The Swiss gave up their financial privacy to help prosecute US tax evaders, and have started to inflate their money. Whatever magic they had, it seems to have failed.
The evil genius of Alexander Hamilton is exactly what the constitution was claimed to thwart, but didn't. You can't get safety by wishing the bad guys out of existence.
"I'd like to hear more principled discussion on how the Republic 3.0 version should deal with predatory foreign regimes/ideologies."
In very much agreement w/previous post. The spectre of foreign encroachment on our liberties has ALWAYS been the boogeyman under the bed, the better to frighten the chillens (us) into submission.
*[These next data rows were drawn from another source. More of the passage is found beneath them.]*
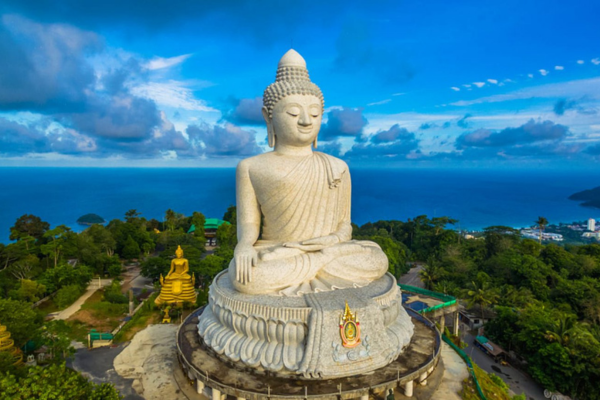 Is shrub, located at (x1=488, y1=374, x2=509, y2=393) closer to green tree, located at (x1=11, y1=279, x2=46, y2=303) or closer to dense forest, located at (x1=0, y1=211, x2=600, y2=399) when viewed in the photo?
dense forest, located at (x1=0, y1=211, x2=600, y2=399)

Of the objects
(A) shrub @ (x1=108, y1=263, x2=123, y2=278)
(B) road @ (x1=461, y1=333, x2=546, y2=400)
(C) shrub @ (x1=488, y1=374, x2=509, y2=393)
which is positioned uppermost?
(C) shrub @ (x1=488, y1=374, x2=509, y2=393)

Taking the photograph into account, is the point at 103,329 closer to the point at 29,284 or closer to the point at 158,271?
the point at 29,284

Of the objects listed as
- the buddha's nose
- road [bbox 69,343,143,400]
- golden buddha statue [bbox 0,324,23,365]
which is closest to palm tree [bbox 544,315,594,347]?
the buddha's nose

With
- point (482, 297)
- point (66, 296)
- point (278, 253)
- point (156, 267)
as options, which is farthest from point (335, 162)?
point (156, 267)

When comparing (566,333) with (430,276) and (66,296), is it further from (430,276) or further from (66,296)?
(66,296)

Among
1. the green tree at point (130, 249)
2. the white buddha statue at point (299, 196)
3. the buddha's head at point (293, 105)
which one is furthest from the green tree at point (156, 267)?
the buddha's head at point (293, 105) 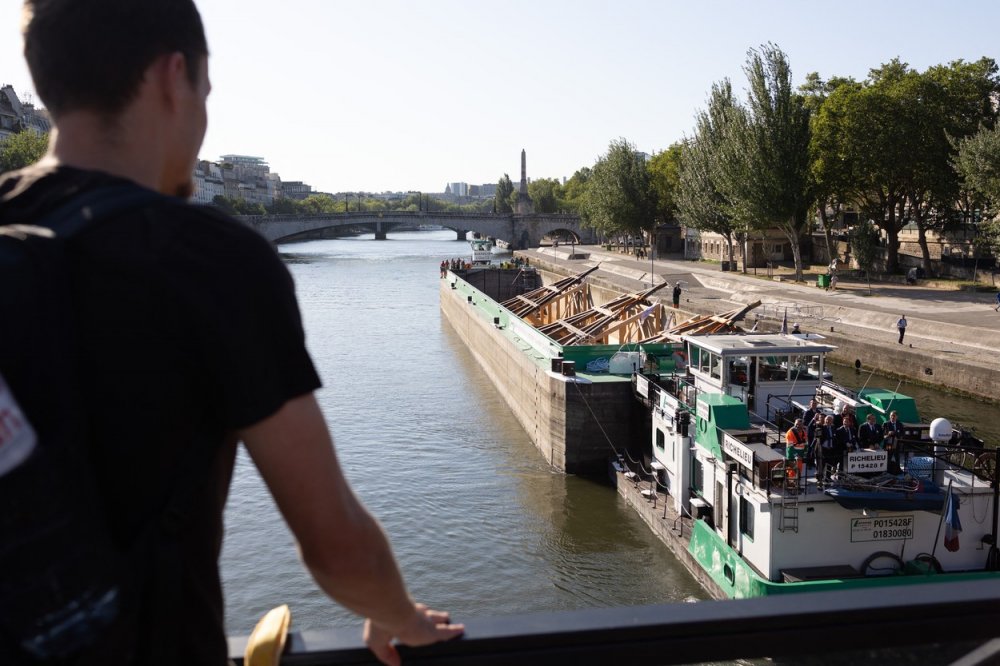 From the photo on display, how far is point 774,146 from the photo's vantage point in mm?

And to usurp those same liberties - the better to protect us, don'cha know.
Our best defense is to be armed individually, trade only in honest currency, reject all forms of collectivism, and control who enters the country. Oh yeah, taxes - abolish all income based tax, abolish sales tax, abolish property tax - fund a very limited government on miniscule tariffs and equally apportioned tax - no one pays more or less, no one gets a free ride.
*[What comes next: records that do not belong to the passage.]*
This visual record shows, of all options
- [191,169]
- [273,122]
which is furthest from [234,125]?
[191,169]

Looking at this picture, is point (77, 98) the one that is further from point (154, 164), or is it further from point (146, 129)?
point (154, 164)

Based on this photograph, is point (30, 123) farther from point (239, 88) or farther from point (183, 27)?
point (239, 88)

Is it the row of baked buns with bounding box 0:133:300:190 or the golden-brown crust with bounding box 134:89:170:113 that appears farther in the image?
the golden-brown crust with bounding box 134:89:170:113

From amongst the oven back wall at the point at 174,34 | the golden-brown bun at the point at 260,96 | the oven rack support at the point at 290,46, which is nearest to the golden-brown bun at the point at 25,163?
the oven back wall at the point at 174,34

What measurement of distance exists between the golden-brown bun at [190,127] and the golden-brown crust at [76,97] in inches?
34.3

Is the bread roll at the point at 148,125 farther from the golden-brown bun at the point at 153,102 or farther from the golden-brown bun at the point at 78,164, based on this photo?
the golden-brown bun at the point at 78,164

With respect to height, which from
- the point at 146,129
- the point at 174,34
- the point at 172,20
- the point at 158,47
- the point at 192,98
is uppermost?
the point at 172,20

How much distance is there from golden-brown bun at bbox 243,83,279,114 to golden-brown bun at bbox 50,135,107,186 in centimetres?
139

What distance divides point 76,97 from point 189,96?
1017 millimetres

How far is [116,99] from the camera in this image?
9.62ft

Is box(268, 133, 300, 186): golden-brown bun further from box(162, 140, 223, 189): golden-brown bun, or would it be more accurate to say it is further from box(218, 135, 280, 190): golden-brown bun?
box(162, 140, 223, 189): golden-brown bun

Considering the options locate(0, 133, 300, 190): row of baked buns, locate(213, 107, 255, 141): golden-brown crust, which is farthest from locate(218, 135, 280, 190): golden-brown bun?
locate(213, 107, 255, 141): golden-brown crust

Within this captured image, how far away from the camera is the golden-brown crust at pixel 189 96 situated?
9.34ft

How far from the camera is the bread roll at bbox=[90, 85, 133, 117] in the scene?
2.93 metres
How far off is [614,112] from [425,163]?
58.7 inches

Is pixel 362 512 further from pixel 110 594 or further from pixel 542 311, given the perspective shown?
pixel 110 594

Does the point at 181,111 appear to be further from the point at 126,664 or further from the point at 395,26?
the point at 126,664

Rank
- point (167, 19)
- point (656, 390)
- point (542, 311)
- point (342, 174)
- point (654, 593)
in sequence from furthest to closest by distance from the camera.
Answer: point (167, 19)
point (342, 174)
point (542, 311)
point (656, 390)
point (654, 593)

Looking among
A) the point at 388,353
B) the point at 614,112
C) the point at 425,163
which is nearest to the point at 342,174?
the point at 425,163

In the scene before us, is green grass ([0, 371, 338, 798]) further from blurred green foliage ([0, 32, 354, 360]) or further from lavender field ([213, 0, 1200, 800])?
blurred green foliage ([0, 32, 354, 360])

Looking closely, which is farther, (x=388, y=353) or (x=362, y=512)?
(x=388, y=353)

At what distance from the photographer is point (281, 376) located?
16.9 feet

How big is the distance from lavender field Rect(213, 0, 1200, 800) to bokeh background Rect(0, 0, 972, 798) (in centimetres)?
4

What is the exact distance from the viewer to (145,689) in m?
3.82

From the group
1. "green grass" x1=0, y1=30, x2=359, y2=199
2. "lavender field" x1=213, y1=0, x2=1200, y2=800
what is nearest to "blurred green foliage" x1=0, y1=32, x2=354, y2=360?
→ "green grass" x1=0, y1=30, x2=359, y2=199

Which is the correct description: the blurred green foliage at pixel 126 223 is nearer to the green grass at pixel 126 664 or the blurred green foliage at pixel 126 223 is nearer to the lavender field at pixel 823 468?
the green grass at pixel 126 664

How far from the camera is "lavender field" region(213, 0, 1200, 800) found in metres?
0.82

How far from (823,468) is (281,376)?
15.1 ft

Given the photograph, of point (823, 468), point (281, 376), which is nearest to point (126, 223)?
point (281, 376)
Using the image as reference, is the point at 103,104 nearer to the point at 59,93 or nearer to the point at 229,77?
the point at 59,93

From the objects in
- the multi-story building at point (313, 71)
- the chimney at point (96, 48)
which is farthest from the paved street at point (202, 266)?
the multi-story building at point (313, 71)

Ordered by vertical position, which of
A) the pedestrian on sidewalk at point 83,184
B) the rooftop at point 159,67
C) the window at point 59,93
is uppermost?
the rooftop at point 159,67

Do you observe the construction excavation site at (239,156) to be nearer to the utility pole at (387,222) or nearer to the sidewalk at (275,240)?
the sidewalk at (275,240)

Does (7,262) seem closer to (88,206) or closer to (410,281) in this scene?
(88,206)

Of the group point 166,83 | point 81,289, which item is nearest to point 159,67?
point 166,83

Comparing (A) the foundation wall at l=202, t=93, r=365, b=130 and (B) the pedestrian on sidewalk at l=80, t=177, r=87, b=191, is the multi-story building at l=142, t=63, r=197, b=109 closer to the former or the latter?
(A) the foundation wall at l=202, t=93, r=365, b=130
We really COULD be a light to the world, conquering not by force or bribe but spreading liberty by example.
Do you propose that Republic 3.0 run on donations, or will it tax to support itself? If it taxes, then what kinds of gun control will it impose to guarantee that Whiskey Rebellion 3.0 fails?
Republic 3.0 and anit-national military sentiment.
--
Not wanting to have a strong national defense force (to me) is akin to Obama not wanting US Nukes.
A boogey man under the bed is precisely what the millions of US/Freedom haters, plotting in their dark corners globally to destroy us are.
Republic 3.0 should not consist on any model that we are drunkardly bound to consider the faults of the current schema.
In my dream, the "United States" consists of 50 constitutional republics where the "National President" is a figure head who sits over a small body of elected state reps who's sole purpose is to settle disputes among the states.
The natianl defence force resides
underneath another similar (but separate) body of reps.
I prefer a national guard type model for each state, which is as advance as an all powerful US Military like described above, but simply smaller, and this guard will again be controlled ONLY by the state.
Citizens will have access to the guard and their resources, but in a less organized manner.
Do not get caught in the trap the Republic 3.0 will have the same powerful hand of evil at the top, hence you could not call it Republic 3.0.
Staying out of foreign issues is desired but most likely unrealistic (to a point).
Having a strong national defense is essential to the survival of our nation (even in a more separated model)
Eventually, China will run out of resources and property, and the notion that the cold war is over is lunacy at best.